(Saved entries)
▽

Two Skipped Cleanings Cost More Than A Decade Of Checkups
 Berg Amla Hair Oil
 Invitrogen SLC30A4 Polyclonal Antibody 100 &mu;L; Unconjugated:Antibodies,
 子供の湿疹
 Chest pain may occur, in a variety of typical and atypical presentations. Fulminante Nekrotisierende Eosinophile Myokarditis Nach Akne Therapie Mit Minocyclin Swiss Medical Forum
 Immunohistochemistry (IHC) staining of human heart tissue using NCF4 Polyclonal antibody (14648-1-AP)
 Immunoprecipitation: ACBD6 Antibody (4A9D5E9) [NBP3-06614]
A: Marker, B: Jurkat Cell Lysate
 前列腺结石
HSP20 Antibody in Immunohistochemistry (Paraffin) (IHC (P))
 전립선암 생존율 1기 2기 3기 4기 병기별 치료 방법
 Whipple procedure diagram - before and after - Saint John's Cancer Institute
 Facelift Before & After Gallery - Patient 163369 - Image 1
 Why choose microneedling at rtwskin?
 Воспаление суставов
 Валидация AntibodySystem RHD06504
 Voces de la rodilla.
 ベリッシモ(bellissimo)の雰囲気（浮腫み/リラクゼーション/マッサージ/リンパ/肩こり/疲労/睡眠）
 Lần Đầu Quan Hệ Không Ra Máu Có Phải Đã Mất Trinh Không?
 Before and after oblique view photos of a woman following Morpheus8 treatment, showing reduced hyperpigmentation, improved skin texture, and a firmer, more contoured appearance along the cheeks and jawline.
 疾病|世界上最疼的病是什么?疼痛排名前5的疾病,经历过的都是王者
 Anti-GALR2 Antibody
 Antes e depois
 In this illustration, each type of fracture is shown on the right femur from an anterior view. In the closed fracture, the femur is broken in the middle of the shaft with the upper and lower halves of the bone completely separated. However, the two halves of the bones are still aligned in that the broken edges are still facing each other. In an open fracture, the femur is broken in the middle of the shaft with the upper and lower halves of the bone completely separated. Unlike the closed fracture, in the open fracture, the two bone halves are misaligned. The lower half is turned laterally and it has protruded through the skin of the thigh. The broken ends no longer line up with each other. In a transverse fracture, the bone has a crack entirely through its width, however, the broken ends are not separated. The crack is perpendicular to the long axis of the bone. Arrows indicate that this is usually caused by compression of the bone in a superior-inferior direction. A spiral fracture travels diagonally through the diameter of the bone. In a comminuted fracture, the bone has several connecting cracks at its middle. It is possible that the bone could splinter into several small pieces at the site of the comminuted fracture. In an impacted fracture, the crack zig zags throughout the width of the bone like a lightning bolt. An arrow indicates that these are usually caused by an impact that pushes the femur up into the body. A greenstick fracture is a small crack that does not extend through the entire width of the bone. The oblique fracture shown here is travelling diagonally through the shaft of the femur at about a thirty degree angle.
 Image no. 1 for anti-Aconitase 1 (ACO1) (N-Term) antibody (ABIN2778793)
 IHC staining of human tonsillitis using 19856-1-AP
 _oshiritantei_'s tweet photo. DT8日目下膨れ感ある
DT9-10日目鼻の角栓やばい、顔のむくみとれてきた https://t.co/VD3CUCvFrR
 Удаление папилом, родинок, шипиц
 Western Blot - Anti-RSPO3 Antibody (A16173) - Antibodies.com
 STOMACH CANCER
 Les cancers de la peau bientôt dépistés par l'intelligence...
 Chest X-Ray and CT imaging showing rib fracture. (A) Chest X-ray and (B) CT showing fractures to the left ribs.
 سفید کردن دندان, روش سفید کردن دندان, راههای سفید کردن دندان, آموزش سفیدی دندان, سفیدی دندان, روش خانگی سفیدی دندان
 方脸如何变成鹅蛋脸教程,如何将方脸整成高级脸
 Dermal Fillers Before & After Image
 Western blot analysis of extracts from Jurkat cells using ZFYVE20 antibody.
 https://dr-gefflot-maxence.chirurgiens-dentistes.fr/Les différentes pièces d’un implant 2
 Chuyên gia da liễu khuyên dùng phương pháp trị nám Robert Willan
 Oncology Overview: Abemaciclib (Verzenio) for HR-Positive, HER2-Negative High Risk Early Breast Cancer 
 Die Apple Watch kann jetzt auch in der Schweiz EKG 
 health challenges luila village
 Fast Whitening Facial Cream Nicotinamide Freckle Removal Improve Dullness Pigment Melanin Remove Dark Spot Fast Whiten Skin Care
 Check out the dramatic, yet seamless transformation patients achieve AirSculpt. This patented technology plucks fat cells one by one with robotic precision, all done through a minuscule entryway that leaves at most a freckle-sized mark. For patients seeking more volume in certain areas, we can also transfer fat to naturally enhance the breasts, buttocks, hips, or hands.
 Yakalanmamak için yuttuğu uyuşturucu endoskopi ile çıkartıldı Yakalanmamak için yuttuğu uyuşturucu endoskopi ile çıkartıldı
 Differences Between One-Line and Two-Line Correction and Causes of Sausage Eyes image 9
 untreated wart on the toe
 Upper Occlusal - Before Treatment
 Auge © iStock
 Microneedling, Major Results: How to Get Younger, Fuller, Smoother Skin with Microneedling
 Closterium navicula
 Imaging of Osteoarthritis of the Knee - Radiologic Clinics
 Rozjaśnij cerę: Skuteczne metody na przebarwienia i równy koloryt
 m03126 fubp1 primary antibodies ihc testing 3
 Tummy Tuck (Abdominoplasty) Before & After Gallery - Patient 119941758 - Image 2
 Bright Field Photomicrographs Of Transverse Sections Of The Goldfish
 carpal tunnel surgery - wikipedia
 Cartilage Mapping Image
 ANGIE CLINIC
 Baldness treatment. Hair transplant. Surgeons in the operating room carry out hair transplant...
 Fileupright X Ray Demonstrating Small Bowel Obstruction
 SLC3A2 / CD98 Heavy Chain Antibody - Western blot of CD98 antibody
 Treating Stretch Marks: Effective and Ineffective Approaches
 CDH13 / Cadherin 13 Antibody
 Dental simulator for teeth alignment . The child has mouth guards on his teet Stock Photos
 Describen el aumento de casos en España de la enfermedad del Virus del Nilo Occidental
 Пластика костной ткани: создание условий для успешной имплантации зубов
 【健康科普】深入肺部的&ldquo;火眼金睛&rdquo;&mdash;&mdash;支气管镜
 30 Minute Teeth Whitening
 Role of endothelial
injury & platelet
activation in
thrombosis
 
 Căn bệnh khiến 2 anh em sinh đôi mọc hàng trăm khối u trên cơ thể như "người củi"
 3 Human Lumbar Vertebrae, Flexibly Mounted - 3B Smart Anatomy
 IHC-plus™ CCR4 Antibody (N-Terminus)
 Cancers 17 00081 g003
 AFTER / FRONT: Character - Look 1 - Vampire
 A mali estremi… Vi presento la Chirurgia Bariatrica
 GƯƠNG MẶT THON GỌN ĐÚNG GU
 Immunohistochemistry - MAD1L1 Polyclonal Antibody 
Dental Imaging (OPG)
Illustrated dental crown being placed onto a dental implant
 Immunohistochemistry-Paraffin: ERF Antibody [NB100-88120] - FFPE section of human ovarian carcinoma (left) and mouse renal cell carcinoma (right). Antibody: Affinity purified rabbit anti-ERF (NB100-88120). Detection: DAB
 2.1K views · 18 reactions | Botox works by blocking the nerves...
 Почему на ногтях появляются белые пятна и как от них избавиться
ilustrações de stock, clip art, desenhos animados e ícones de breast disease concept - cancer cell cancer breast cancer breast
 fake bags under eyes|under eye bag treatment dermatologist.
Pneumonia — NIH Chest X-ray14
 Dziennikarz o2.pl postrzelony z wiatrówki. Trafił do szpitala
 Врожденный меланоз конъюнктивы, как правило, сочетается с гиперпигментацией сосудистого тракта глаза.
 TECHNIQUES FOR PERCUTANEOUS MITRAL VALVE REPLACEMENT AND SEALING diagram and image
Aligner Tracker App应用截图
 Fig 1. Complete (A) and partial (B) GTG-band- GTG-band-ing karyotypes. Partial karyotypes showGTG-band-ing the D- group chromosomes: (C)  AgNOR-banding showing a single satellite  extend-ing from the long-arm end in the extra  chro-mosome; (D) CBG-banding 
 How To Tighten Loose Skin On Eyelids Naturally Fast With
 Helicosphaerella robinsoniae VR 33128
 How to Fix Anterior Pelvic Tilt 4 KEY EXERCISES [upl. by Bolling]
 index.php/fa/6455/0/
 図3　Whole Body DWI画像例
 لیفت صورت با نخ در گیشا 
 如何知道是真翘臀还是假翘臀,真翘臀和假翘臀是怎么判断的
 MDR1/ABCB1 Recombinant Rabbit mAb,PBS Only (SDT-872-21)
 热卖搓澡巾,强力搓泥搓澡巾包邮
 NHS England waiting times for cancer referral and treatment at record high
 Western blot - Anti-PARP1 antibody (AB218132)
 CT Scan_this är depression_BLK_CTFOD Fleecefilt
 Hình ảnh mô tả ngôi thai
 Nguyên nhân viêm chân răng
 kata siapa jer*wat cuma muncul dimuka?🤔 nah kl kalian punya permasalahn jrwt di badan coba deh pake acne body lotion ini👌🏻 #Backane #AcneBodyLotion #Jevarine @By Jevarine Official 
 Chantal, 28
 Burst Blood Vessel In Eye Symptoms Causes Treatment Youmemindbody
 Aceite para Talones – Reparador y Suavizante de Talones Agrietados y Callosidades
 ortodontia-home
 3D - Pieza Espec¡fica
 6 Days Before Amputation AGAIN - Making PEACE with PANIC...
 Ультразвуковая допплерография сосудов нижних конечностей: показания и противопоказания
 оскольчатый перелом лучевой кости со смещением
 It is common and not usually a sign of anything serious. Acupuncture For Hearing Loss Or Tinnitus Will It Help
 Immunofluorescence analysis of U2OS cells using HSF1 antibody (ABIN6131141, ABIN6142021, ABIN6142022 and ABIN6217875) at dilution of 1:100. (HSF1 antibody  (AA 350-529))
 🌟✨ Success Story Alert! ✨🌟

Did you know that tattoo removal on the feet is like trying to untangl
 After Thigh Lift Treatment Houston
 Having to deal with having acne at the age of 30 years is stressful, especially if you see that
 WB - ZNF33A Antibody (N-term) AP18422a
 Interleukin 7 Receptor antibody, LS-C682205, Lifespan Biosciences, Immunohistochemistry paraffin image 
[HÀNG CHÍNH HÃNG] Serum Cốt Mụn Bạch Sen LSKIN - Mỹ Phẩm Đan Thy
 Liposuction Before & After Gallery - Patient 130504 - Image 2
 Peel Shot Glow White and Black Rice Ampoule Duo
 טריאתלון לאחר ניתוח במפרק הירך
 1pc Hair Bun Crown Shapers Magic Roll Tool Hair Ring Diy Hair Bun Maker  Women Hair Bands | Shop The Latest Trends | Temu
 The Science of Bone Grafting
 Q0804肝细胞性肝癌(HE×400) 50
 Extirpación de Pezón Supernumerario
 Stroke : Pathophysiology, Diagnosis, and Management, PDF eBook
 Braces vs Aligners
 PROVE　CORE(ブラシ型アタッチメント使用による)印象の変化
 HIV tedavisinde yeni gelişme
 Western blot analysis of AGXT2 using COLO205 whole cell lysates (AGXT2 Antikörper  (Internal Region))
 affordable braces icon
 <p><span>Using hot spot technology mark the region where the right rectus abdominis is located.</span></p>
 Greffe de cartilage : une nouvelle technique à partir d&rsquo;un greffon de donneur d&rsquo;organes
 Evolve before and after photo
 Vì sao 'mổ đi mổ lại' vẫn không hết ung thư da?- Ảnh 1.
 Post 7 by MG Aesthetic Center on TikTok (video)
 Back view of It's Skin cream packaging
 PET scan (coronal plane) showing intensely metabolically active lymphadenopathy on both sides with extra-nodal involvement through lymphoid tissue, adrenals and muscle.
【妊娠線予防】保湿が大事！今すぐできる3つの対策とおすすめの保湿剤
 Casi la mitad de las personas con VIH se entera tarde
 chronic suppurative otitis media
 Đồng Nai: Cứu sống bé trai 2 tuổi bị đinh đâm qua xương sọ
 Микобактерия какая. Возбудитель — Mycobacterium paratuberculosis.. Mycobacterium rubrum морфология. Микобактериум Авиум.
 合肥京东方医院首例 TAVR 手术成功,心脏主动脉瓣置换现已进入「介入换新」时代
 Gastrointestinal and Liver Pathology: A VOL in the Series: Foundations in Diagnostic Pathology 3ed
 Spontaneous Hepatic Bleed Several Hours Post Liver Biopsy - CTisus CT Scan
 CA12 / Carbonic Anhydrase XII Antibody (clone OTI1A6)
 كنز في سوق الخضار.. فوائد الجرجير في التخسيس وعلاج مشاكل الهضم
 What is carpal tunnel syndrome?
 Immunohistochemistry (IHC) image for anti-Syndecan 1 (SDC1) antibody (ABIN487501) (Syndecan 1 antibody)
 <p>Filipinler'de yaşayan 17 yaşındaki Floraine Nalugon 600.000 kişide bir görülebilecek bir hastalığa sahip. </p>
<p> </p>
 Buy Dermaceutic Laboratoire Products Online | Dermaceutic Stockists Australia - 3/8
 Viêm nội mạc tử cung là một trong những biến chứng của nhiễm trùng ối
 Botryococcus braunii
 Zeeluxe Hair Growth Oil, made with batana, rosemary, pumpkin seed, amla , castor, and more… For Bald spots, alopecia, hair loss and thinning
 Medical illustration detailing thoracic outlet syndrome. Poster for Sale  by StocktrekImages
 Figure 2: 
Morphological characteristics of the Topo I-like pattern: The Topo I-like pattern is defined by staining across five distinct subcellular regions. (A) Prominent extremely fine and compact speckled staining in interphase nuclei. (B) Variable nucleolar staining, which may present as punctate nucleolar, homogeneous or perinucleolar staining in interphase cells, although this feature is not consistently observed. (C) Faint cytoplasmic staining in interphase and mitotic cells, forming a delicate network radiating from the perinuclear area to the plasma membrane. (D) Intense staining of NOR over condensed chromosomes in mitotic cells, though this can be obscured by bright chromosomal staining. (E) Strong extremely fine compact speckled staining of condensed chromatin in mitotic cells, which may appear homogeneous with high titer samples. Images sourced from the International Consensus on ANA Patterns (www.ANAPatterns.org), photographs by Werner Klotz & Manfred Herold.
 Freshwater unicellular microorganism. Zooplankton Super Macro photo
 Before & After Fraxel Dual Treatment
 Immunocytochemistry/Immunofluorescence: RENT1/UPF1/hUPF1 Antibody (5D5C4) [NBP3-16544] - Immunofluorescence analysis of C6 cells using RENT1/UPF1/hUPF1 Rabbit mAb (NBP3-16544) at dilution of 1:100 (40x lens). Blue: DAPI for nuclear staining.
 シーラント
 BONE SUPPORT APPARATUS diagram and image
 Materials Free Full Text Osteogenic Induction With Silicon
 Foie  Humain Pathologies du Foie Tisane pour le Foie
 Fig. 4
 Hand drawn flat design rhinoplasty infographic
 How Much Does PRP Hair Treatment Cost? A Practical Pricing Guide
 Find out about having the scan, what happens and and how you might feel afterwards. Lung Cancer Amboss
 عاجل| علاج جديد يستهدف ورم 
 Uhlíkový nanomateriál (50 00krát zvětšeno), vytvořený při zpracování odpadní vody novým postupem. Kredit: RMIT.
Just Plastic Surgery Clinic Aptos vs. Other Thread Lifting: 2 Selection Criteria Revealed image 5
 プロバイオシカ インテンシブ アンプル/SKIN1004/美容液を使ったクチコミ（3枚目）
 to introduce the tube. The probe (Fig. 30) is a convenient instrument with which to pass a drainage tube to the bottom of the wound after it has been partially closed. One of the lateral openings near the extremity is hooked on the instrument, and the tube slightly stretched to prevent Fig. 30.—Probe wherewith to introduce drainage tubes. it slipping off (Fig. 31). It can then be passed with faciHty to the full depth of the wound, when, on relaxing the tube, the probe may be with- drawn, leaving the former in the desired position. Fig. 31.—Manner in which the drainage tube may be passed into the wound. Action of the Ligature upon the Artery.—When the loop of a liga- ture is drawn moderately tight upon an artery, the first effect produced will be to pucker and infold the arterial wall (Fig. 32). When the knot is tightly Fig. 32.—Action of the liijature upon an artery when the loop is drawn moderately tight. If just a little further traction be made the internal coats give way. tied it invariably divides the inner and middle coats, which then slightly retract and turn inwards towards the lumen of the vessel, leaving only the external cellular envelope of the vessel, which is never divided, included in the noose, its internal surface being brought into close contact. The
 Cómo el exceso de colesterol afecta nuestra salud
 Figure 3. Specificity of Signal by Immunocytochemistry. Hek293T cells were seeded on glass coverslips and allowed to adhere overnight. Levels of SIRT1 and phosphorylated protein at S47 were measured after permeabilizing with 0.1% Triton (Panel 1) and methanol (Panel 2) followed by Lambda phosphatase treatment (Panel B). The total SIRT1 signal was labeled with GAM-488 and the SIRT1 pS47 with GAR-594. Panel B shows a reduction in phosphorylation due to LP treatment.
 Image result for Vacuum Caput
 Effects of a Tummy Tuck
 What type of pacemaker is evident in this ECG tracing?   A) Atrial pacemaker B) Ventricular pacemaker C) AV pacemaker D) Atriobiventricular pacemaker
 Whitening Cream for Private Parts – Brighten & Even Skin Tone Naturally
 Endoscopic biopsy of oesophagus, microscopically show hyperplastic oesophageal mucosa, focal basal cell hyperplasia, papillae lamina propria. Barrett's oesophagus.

△

- WHAT TO PRODUCE
Return the span of lines in the data above that opens at the line with "Treating Stretch Marks: Effective" and closes at the line with "A mali estremi…", exactly, ends included, nothing else.

- SOLUTION TO THIS EXERCISE
 Treating Stretch Marks: Effective and Ineffective Approaches
 CDH13 / Cadherin 13 Antibody
 Dental simulator for teeth alignment . The child has mouth guards on his teet Stock Photos
 Describen el aumento de casos en España de la enfermedad del Virus del Nilo Occidental
 Пластика костной ткани: создание условий для успешной имплантации зубов
 【健康科普】深入肺部的&ldquo;火眼金睛&rdquo;&mdash;&mdash;支气管镜
 30 Minute Teeth Whitening
 Role of endothelial
injury & platelet
activation in
thrombosis
 
 Căn bệnh khiến 2 anh em sinh đôi mọc hàng trăm khối u trên cơ thể như "người củi"
 3 Human Lumbar Vertebrae, Flexibly Mounted - 3B Smart Anatomy
 IHC-plus™ CCR4 Antibody (N-Terminus)
 Cancers 17 00081 g003
 AFTER / FRONT: Character - Look 1 - Vampire
 A mali estremi… Vi presento la Chirurgia Bariatrica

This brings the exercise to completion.